- Data section -
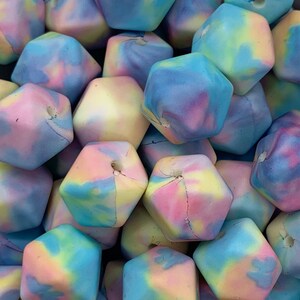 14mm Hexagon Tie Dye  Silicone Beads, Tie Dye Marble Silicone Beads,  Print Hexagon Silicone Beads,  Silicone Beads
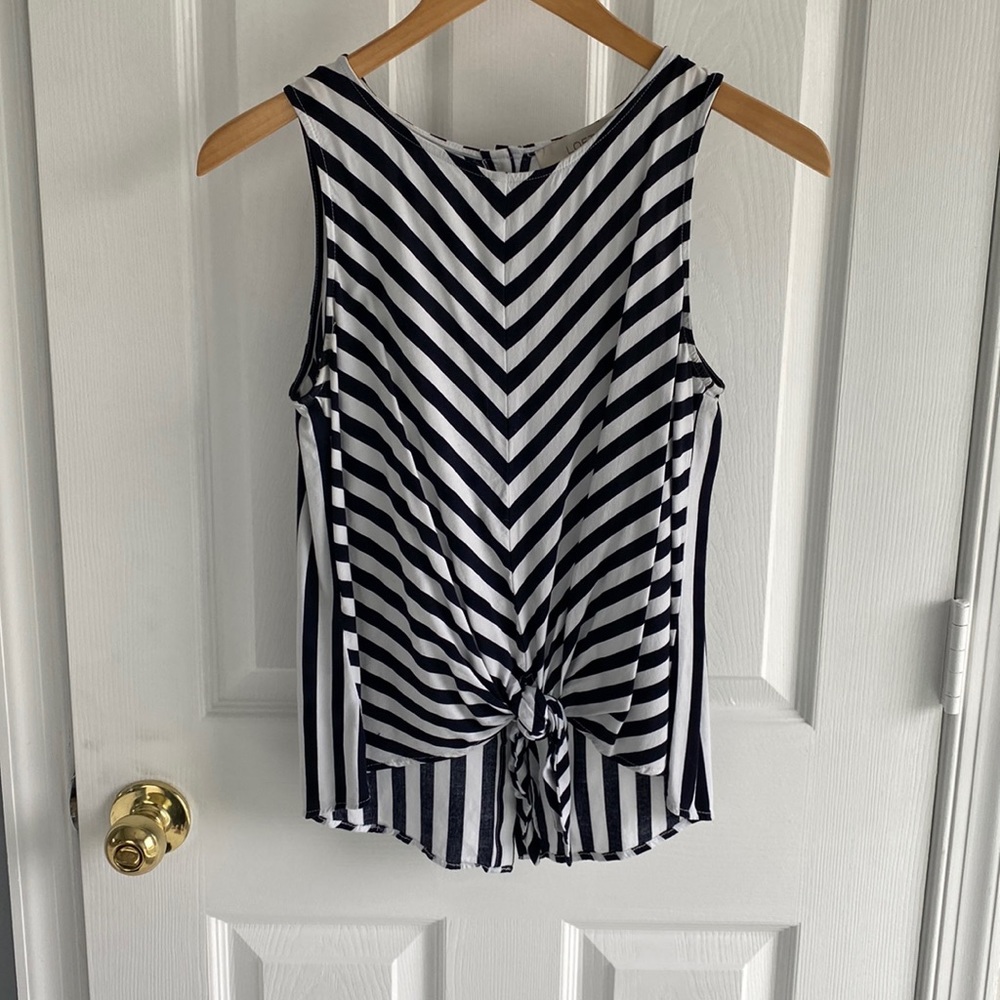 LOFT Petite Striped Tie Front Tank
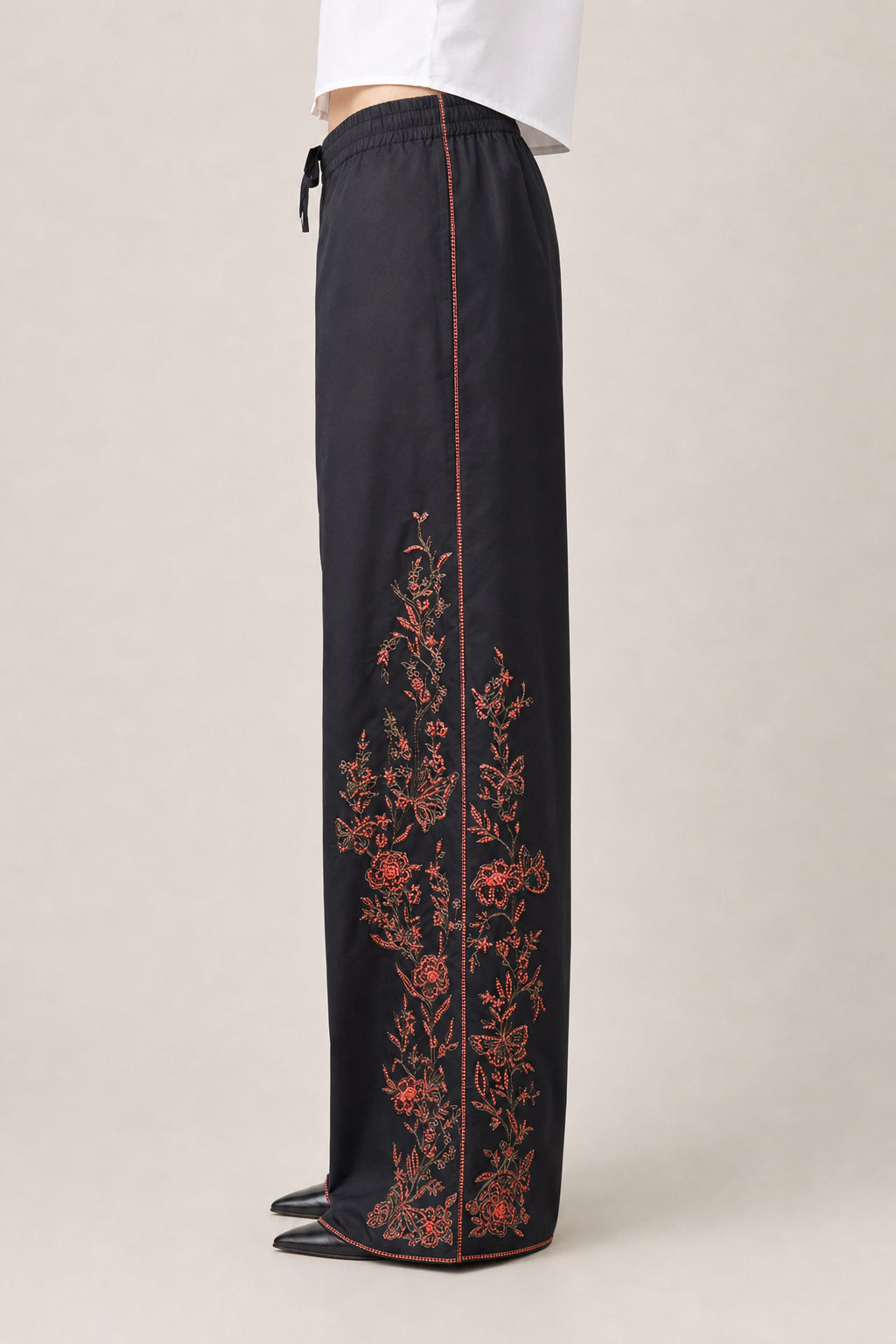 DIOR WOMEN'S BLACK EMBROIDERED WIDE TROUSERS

- Exercise objective -
Repeat the whole listing above word for word, but keep any picture out of it.

- Your solution -
 14mm Hexagon Tie Dye  Silicone Beads, Tie Dye Marble Silicone Beads,  Print Hexagon Silicone Beads,  Silicone Beads
 LOFT Petite Striped Tie Front Tank
 DIOR WOMEN'S BLACK EMBROIDERED WIDE TROUSERS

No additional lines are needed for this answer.